Image after image, burned onto the surface of the mind, drifting through like clouds reflected in a lake. The reality of the sun burning my back, the sound of raindrops on the water’s surface; all of it shadow now.
In meditation I see myself there, sitting not beside the lake, but upon its surface. Crags rise on all sides into a limitless sky. Cold blue depths fall beneath me. I can hear the wind in the grasses on the shoreline, whistling through rock saddles in the peaks above. Sitting on the lake, becoming an island in its center. Words echo: I have arrived, I am home.
So many of the mountain poets speak of Glory and Light and God and yet I seem to be among those that find a sweet despair, a state that only magnifies the indifference of the universe. I have become a seeker of sadness and streams. A collector of sights and sounds to be lived and then filed away in a library of shadows. A historian now scrolling through old images, trying to discern which world is more real.
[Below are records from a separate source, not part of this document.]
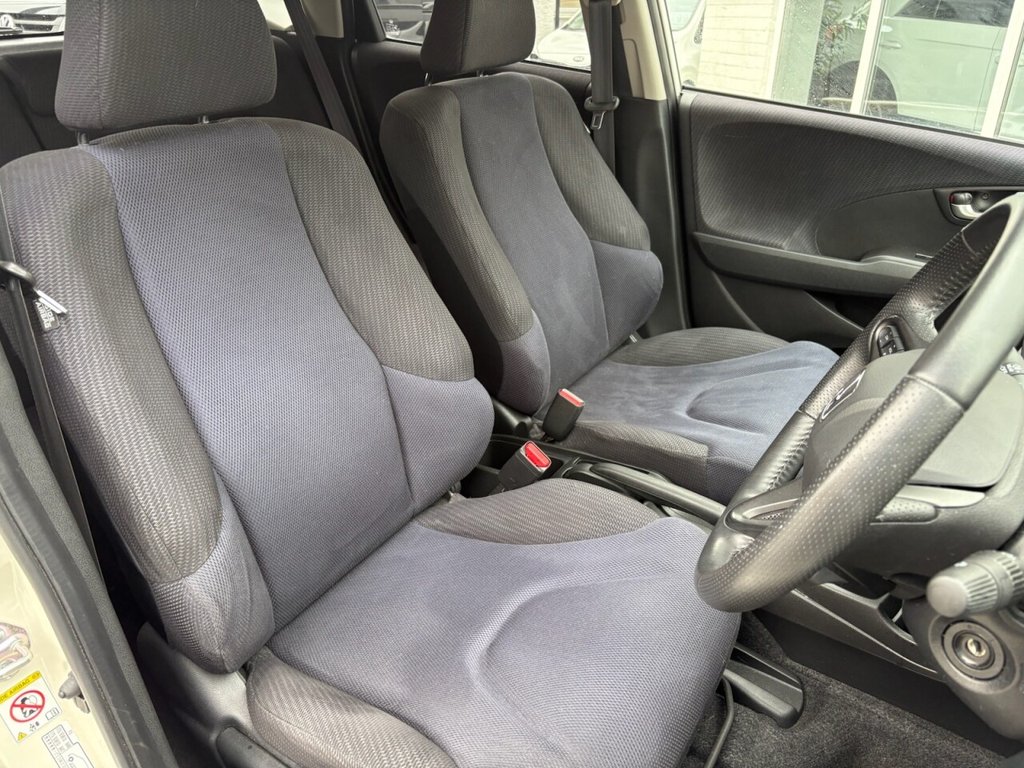 Used Honda Jazz 2015 for sale - 76256251: Photo 11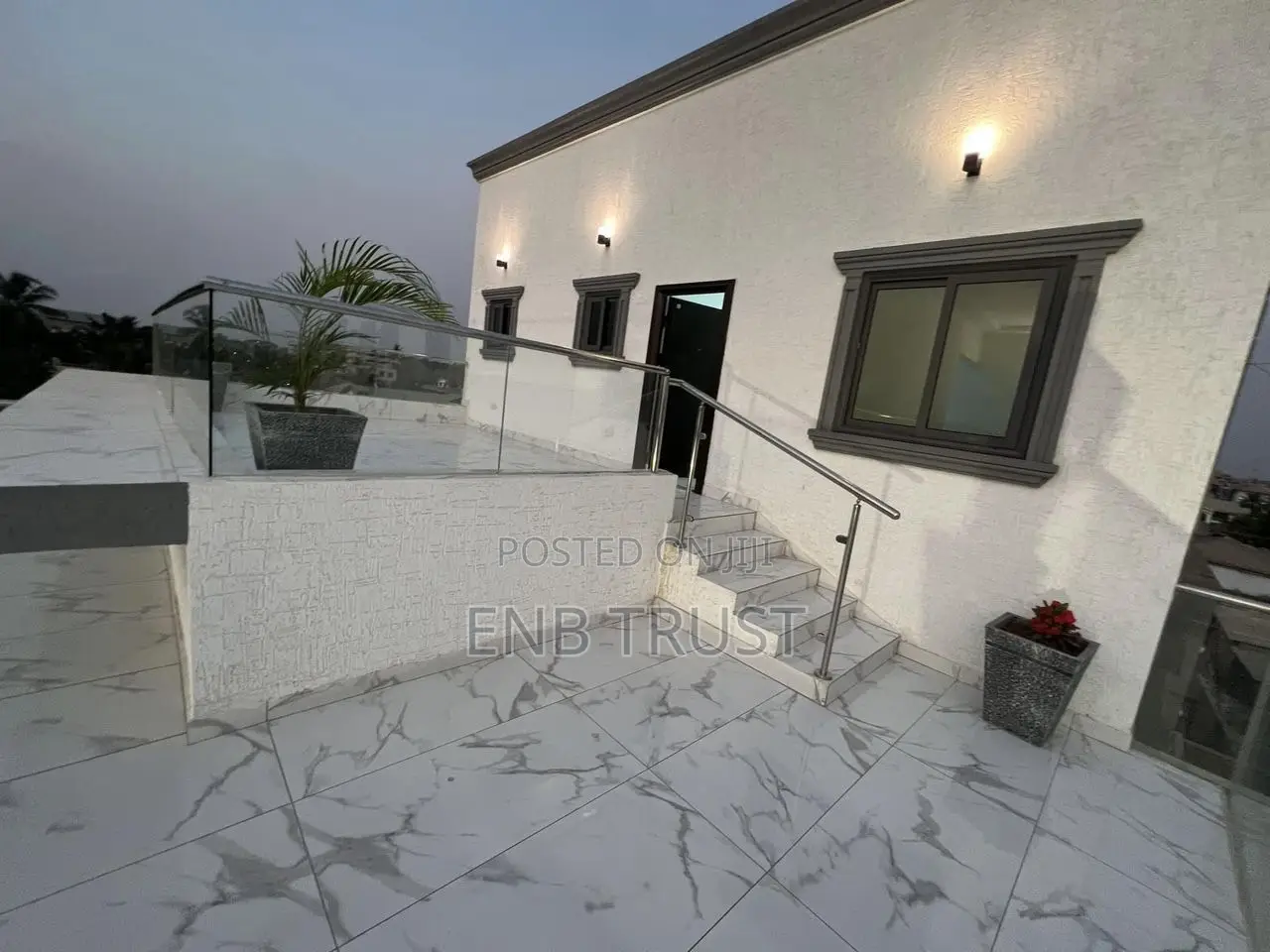 5bdrm House in Achimota for sale
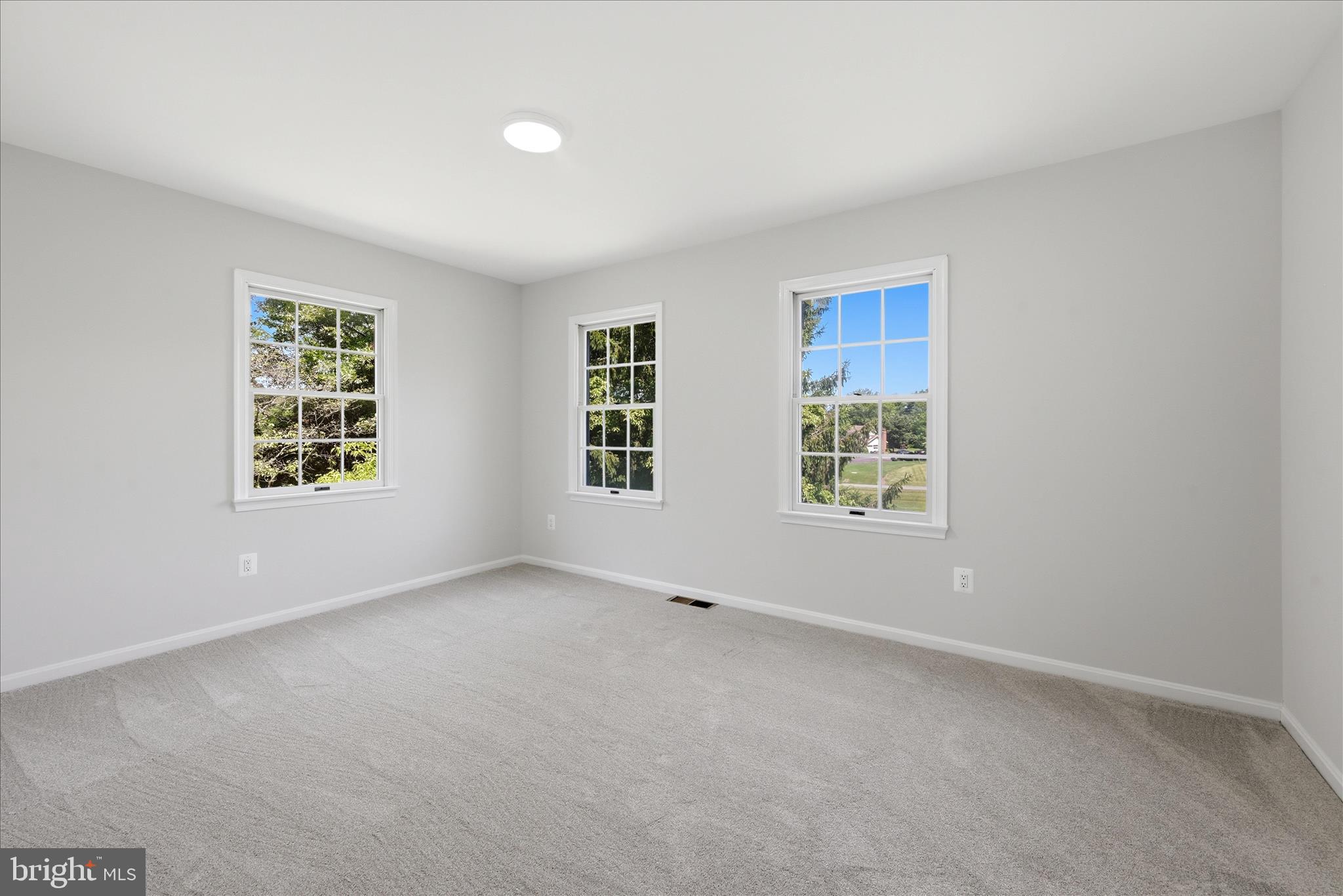 LAWNVALE ESTATES - Residential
The indifference becomes a looking glass through which a great pointlessness can be observed, precursor to the timeless reminder to be present, to bear witness: A single flower struggling against all odds to carve a small niche of existence at 11,000 feet, surrounded by rock and snow and unceasing wind. Life simply doing what life must do before it is extinguished. That we may be no different is an imperative to be ever grateful for having experienced the warming rays of morning light, life itself, if only once.
I sit here recalling the images of summers past, clinging to shadows, knowing that shadows alone are not enough, planning my return.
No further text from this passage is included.